*WHAT TO DO*: Exact copies of all records below are needed.

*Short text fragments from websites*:
'''
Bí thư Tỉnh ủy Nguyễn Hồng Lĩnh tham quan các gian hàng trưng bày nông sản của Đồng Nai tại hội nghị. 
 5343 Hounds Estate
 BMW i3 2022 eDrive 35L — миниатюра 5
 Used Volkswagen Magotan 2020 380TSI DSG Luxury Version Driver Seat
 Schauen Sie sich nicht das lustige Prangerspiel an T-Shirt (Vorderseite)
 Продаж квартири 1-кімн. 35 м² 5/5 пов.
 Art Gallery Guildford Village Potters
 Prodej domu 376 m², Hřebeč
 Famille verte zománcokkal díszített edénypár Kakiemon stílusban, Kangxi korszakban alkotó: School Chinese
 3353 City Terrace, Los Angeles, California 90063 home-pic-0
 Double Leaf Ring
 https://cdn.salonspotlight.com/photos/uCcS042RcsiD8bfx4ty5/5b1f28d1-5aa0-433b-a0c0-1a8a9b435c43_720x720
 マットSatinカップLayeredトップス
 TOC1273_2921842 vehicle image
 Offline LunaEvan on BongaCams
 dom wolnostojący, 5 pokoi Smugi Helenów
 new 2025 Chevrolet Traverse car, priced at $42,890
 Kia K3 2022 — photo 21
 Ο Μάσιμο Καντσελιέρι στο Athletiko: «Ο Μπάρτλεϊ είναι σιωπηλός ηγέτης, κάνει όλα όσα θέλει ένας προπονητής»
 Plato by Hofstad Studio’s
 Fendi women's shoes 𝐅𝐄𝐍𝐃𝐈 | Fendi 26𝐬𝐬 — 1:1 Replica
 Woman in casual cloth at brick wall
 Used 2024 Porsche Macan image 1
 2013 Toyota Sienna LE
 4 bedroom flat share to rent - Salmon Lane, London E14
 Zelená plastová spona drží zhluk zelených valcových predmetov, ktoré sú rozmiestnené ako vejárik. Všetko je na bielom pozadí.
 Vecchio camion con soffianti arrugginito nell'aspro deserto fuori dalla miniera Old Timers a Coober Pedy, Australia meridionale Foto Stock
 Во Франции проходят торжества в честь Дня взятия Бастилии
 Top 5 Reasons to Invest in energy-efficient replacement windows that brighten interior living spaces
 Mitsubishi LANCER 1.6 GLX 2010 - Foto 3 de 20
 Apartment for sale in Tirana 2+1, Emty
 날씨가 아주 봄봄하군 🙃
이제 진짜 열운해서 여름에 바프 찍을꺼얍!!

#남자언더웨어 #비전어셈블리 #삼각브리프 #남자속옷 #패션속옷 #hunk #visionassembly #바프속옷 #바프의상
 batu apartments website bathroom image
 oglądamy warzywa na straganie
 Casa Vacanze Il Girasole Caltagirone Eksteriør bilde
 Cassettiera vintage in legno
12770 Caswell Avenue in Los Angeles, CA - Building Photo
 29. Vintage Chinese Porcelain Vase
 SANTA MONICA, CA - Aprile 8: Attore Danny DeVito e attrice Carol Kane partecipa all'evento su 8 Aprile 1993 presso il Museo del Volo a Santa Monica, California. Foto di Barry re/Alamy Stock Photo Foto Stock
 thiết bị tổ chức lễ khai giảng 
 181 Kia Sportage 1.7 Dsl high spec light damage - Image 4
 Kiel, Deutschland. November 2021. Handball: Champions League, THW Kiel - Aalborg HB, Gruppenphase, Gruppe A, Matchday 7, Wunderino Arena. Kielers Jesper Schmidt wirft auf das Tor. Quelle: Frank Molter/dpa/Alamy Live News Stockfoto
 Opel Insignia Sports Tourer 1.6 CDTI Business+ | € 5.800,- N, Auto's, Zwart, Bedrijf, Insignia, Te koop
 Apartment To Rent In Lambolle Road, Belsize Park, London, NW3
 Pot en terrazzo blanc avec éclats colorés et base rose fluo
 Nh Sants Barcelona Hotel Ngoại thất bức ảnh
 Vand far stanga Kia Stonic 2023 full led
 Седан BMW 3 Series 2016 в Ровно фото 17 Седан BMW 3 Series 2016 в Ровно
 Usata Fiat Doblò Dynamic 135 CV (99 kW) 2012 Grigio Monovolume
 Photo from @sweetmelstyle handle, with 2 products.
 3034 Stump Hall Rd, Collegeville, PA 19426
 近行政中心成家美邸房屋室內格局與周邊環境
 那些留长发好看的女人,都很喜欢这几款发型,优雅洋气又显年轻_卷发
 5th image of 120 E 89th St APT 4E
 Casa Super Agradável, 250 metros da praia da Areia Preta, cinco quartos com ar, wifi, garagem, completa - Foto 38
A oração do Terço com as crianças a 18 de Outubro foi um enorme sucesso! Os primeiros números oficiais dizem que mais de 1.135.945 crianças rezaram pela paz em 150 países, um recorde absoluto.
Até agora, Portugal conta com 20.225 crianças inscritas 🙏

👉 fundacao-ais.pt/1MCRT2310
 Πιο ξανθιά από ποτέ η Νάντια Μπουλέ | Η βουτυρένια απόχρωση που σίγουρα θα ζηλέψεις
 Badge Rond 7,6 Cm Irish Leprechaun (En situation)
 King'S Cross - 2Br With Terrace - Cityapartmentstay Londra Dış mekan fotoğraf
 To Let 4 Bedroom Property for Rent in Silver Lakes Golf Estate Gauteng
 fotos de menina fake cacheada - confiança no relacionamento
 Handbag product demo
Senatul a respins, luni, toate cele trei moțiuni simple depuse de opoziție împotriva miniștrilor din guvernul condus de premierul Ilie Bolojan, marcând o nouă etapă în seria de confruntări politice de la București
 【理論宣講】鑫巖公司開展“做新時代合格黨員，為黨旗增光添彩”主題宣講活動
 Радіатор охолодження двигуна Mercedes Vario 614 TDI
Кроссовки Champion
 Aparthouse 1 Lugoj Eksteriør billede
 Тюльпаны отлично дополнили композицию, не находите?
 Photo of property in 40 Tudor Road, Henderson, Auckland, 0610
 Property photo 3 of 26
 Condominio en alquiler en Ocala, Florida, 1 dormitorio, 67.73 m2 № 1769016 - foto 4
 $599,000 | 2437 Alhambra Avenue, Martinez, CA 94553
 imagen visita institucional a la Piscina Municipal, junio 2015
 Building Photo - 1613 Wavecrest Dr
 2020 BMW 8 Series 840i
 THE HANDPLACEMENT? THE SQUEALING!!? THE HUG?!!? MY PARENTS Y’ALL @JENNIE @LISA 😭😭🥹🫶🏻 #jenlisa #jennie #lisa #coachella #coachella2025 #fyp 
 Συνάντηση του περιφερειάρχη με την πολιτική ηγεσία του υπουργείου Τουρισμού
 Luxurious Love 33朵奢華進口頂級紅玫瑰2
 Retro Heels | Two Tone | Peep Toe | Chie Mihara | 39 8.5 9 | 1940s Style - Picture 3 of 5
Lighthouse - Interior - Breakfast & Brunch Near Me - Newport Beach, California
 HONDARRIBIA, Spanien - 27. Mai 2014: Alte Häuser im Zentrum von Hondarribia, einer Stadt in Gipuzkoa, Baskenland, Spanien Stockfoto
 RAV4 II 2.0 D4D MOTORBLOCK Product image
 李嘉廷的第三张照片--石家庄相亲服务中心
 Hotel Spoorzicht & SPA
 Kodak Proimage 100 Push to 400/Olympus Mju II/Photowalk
'''
*ANSWER*:
Bí thư Tỉnh ủy Nguyễn Hồng Lĩnh tham quan các gian hàng trưng bày nông sản của Đồng Nai tại hội nghị. 
 5343 Hounds Estate
 BMW i3 2022 eDrive 35L — миниатюра 5
 Used Volkswagen Magotan 2020 380TSI DSG Luxury Version Driver Seat
 Schauen Sie sich nicht das lustige Prangerspiel an T-Shirt (Vorderseite)
 Продаж квартири 1-кімн. 35 м² 5/5 пов.
 Art Gallery Guildford Village Potters
 Prodej domu 376 m², Hřebeč
 Famille verte zománcokkal díszített edénypár Kakiemon stílusban, Kangxi korszakban alkotó: School Chinese
 3353 City Terrace, Los Angeles, California 90063 home-pic-0
 Double Leaf Ring
 https://cdn.salonspotlight.com/photos/uCcS042RcsiD8bfx4ty5/5b1f28d1-5aa0-433b-a0c0-1a8a9b435c43_720x720
 マットSatinカップLayeredトップス
 TOC1273_2921842 vehicle image
 Offline LunaEvan on BongaCams
 dom wolnostojący, 5 pokoi Smugi Helenów
 new 2025 Chevrolet Traverse car, priced at $42,890
 Kia K3 2022 — photo 21
 Ο Μάσιμο Καντσελιέρι στο Athletiko: «Ο Μπάρτλεϊ είναι σιωπηλός ηγέτης, κάνει όλα όσα θέλει ένας προπονητής»
 Plato by Hofstad Studio’s
 Fendi women's shoes 𝐅𝐄𝐍𝐃𝐈 | Fendi 26𝐬𝐬 — 1:1 Replica
 Woman in casual cloth at brick wall
 Used 2024 Porsche Macan image 1
 2013 Toyota Sienna LE
 4 bedroom flat share to rent - Salmon Lane, London E14
 Zelená plastová spona drží zhluk zelených valcových predmetov, ktoré sú rozmiestnené ako vejárik. Všetko je na bielom pozadí.
 Vecchio camion con soffianti arrugginito nell'aspro deserto fuori dalla miniera Old Timers a Coober Pedy, Australia meridionale Foto Stock
 Во Франции проходят торжества в честь Дня взятия Бастилии
 Top 5 Reasons to Invest in energy-efficient replacement windows that brighten interior living spaces
 Mitsubishi LANCER 1.6 GLX 2010 - Foto 3 de 20
 Apartment for sale in Tirana 2+1, Emty
 날씨가 아주 봄봄하군 🙃
이제 진짜 열운해서 여름에 바프 찍을꺼얍!!

#남자언더웨어 #비전어셈블리 #삼각브리프 #남자속옷 #패션속옷 #hunk #visionassembly #바프속옷 #바프의상
 batu apartments website bathroom image
 oglądamy warzywa na straganie
 Casa Vacanze Il Girasole Caltagirone Eksteriør bilde
 Cassettiera vintage in legno
12770 Caswell Avenue in Los Angeles, CA - Building Photo
 29. Vintage Chinese Porcelain Vase
 SANTA MONICA, CA - Aprile 8: Attore Danny DeVito e attrice Carol Kane partecipa all'evento su 8 Aprile 1993 presso il Museo del Volo a Santa Monica, California. Foto di Barry re/Alamy Stock Photo Foto Stock
 thiết bị tổ chức lễ khai giảng 
 181 Kia Sportage 1.7 Dsl high spec light damage - Image 4
 Kiel, Deutschland. November 2021. Handball: Champions League, THW Kiel - Aalborg HB, Gruppenphase, Gruppe A, Matchday 7, Wunderino Arena. Kielers Jesper Schmidt wirft auf das Tor. Quelle: Frank Molter/dpa/Alamy Live News Stockfoto
 Opel Insignia Sports Tourer 1.6 CDTI Business+ | € 5.800,- N, Auto's, Zwart, Bedrijf, Insignia, Te koop
 Apartment To Rent In Lambolle Road, Belsize Park, London, NW3
 Pot en terrazzo blanc avec éclats colorés et base rose fluo
 Nh Sants Barcelona Hotel Ngoại thất bức ảnh
 Vand far stanga Kia Stonic 2023 full led
 Седан BMW 3 Series 2016 в Ровно фото 17 Седан BMW 3 Series 2016 в Ровно
 Usata Fiat Doblò Dynamic 135 CV (99 kW) 2012 Grigio Monovolume
 Photo from @sweetmelstyle handle, with 2 products.
 3034 Stump Hall Rd, Collegeville, PA 19426
 近行政中心成家美邸房屋室內格局與周邊環境
 那些留长发好看的女人,都很喜欢这几款发型,优雅洋气又显年轻_卷发
 5th image of 120 E 89th St APT 4E
 Casa Super Agradável, 250 metros da praia da Areia Preta, cinco quartos com ar, wifi, garagem, completa - Foto 38
A oração do Terço com as crianças a 18 de Outubro foi um enorme sucesso! Os primeiros números oficiais dizem que mais de 1.135.945 crianças rezaram pela paz em 150 países, um recorde absoluto.
Até agora, Portugal conta com 20.225 crianças inscritas 🙏

👉 fundacao-ais.pt/1MCRT2310
 Πιο ξανθιά από ποτέ η Νάντια Μπουλέ | Η βουτυρένια απόχρωση που σίγουρα θα ζηλέψεις
 Badge Rond 7,6 Cm Irish Leprechaun (En situation)
 King'S Cross - 2Br With Terrace - Cityapartmentstay Londra Dış mekan fotoğraf
 To Let 4 Bedroom Property for Rent in Silver Lakes Golf Estate Gauteng
 fotos de menina fake cacheada - confiança no relacionamento
 Handbag product demo
Senatul a respins, luni, toate cele trei moțiuni simple depuse de opoziție împotriva miniștrilor din guvernul condus de premierul Ilie Bolojan, marcând o nouă etapă în seria de confruntări politice de la București
 【理論宣講】鑫巖公司開展“做新時代合格黨員，為黨旗增光添彩”主題宣講活動
 Радіатор охолодження двигуна Mercedes Vario 614 TDI
Кроссовки Champion
 Aparthouse 1 Lugoj Eksteriør billede
 Тюльпаны отлично дополнили композицию, не находите?
 Photo of property in 40 Tudor Road, Henderson, Auckland, 0610
 Property photo 3 of 26
 Condominio en alquiler en Ocala, Florida, 1 dormitorio, 67.73 m2 № 1769016 - foto 4
 $599,000 | 2437 Alhambra Avenue, Martinez, CA 94553
 imagen visita institucional a la Piscina Municipal, junio 2015
 Building Photo - 1613 Wavecrest Dr
 2020 BMW 8 Series 840i
 THE HANDPLACEMENT? THE SQUEALING!!? THE HUG?!!? MY PARENTS Y’ALL @JENNIE @LISA 😭😭🥹🫶🏻 #jenlisa #jennie #lisa #coachella #coachella2025 #fyp 
 Συνάντηση του περιφερειάρχη με την πολιτική ηγεσία του υπουργείου Τουρισμού
 Luxurious Love 33朵奢華進口頂級紅玫瑰2
 Retro Heels | Two Tone | Peep Toe | Chie Mihara | 39 8.5 9 | 1940s Style - Picture 3 of 5
Lighthouse - Interior - Breakfast & Brunch Near Me - Newport Beach, California
 HONDARRIBIA, Spanien - 27. Mai 2014: Alte Häuser im Zentrum von Hondarribia, einer Stadt in Gipuzkoa, Baskenland, Spanien Stockfoto
 RAV4 II 2.0 D4D MOTORBLOCK Product image
 李嘉廷的第三张照片--石家庄相亲服务中心
 Hotel Spoorzicht & SPA
 Kodak Proimage 100 Push to 400/Olympus Mju II/Photowalk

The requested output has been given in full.